Fix: Add negative constraints to each skill: "Do NOT use for [the other skill's domain]."

Failure Pattern Reference

For detailed case studies and solutions from community reports, read references/failure-patterns.md.

Token Budget Management

Agent systems load all skill descriptions into context at startup.
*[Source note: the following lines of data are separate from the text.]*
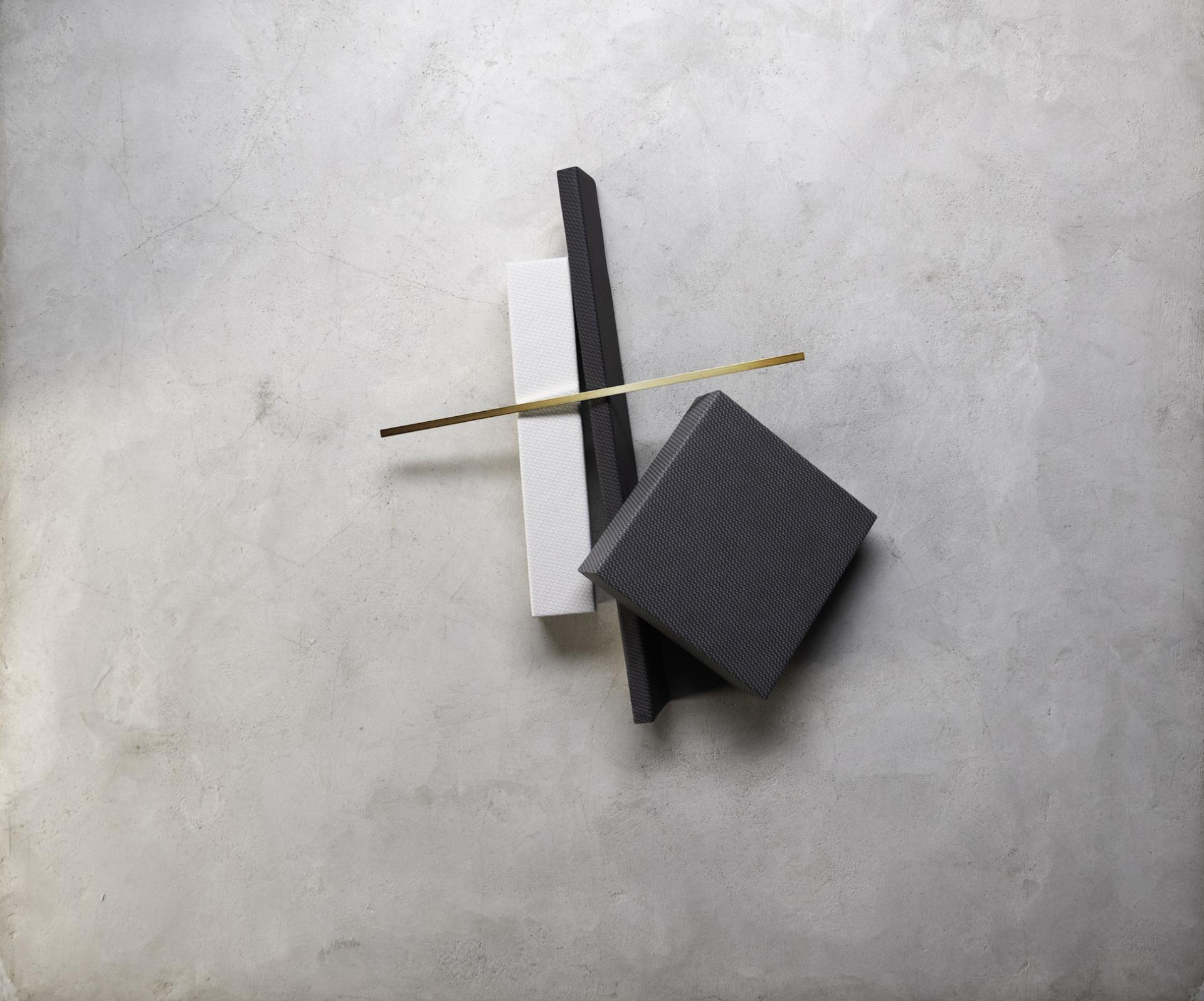 Bauhaus-inspired performance textiles in black, white, and textured materials showcased on a gray surface.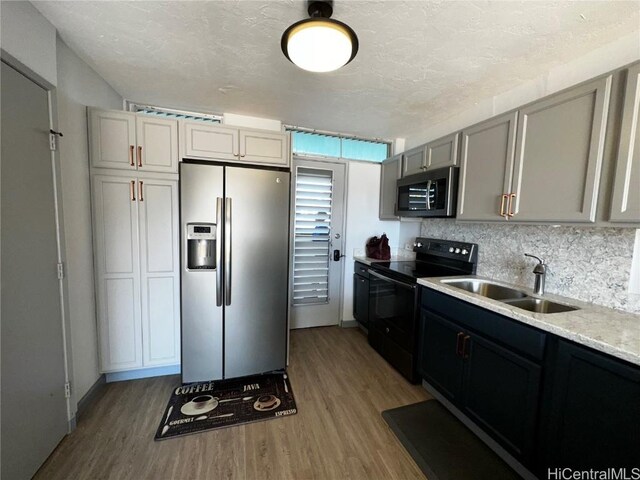 kitchen with tasteful backsplash, sink, light hardwood / wood-style flooring, and appliances with stainless steel finishes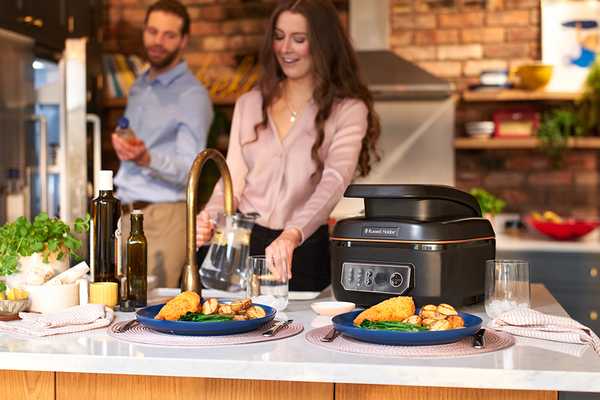 A woman cooking a nice meal in their kitchen with the Russell Hobbs Air & Grill Multicooker. 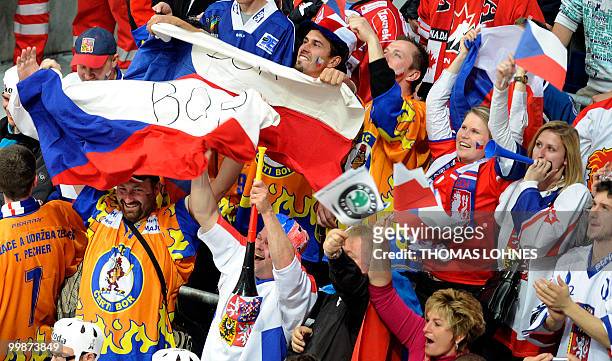 Czech's fans cheer during the IIHF Ice Hockey World Championship match Canada vs Czech Republic in the southern German city of Mannheim on May 18,...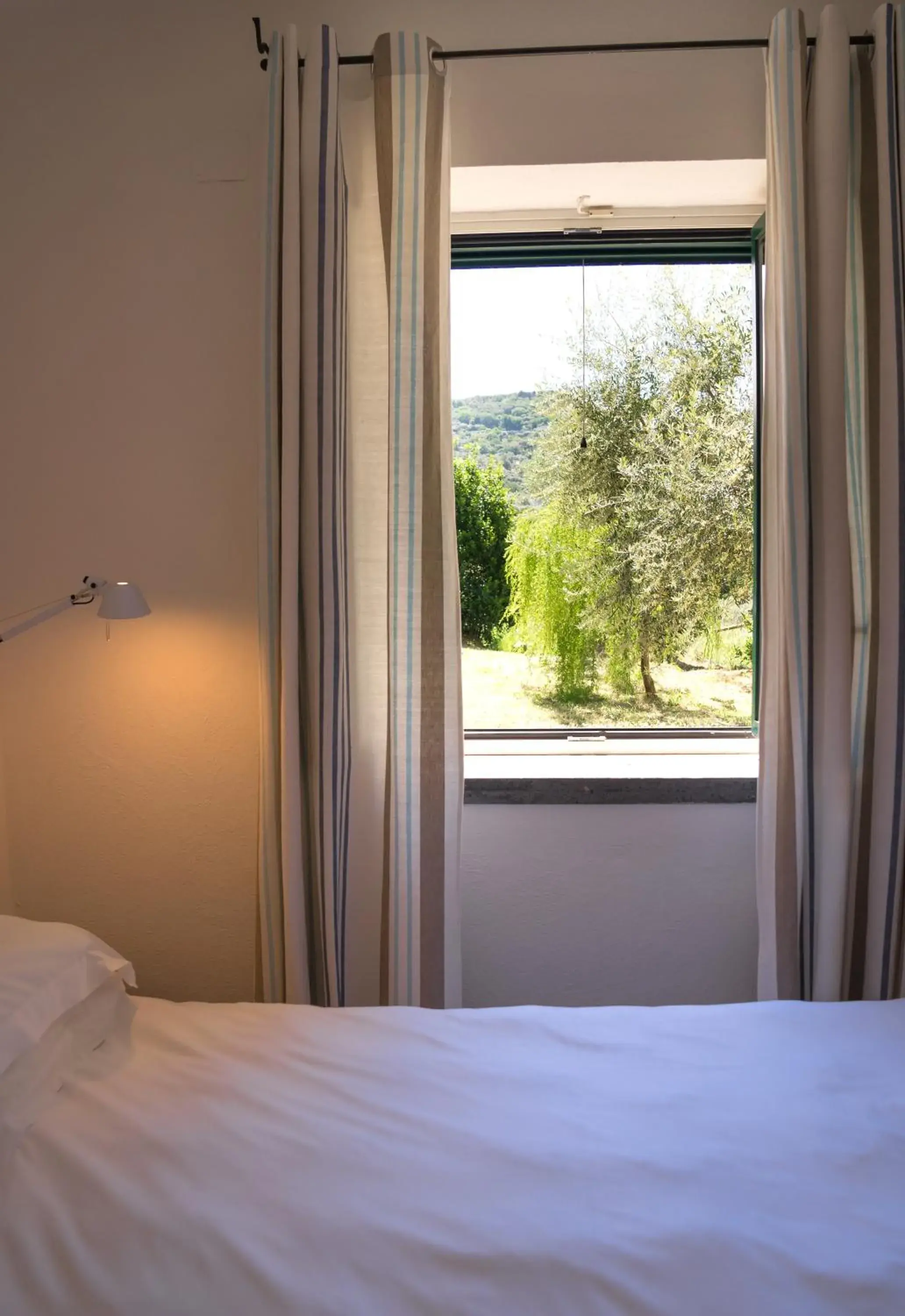 Garden view, Bed in Relais Regina Giovanna Garden view, Bed in Relais Regina Giovanna
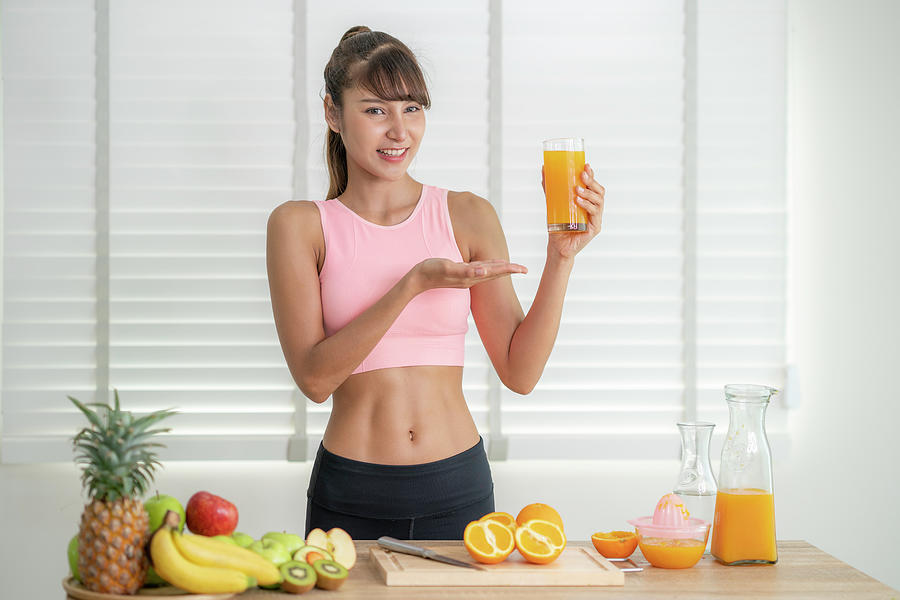 Asian Girl Make An Orange Juice By Hand At Home After Finished E Photograph By Anek Suwannaphoom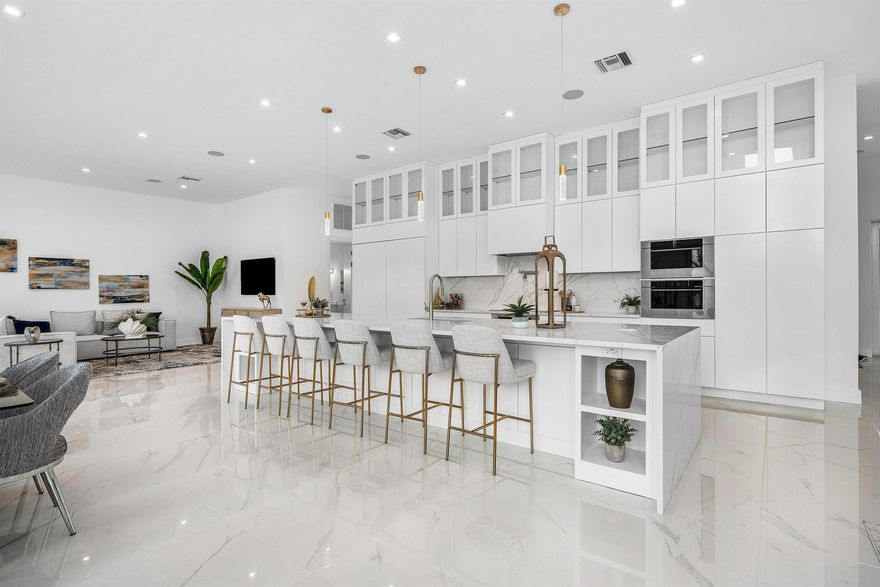 Experience luxury living at 2641 NE 48th Street, Lighthouse Point. Built by Abacus Construction of Miami, this new waterfront estate showcases block and steel construction, with both the residence and heated infinity-edge pool thoughtfully elevated on pilings for unmatched durability and stability. Enjoy a brand-new 80' dock with direct ocean access and no fixed bridges. Inside, soaring ceilings and floor-to-ceiling windows highlight open-concept living with breathtaking water views. The chef's kitchen is equipped with Wolf appliances, while 4 AC zones ensure comfort throughout. Outdoor living shines with a resort-style pool and an expansive patio designed for entertaining. A perfect blend of craftsmanship and modern elegance in a premier location just off the  Intracoastal.  A must see!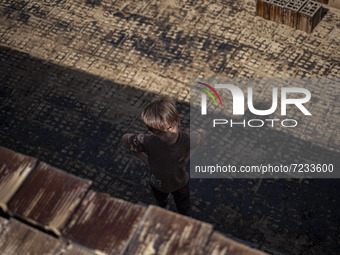 A young Afghan refugee boy looks on as he stands in a brick factory, in the Borkhar area in the west of the city of Isfahan 439Km (273 Miles...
When the total exceeds the budget:

  • Skills get silently dropped (no error, just don't appear)
  • Later-installed skills are more likely to be dropped
  • Symptoms: skill works when fewer skills installed, breaks as more are added

Guidelines:

  • Each description: <150 chars core trigger + <200 chars keywords
  • Total across all skills: <30,000 chars (adjust budget env var if needed)
  • If exceeding budget: move detail to SKILL.md body, not frontmatter

Auto-Calibration

After fixing descriptions, collect real failure cases:

  1. Log: user query → expected skill → actual skill (or none)
  2. After 10+ cases, run scripts/analyze_failures.py to identify patterns
  3. Apply targeted description patches based on patterns

This creates a feedback loop that continuously improves trigger accuracy.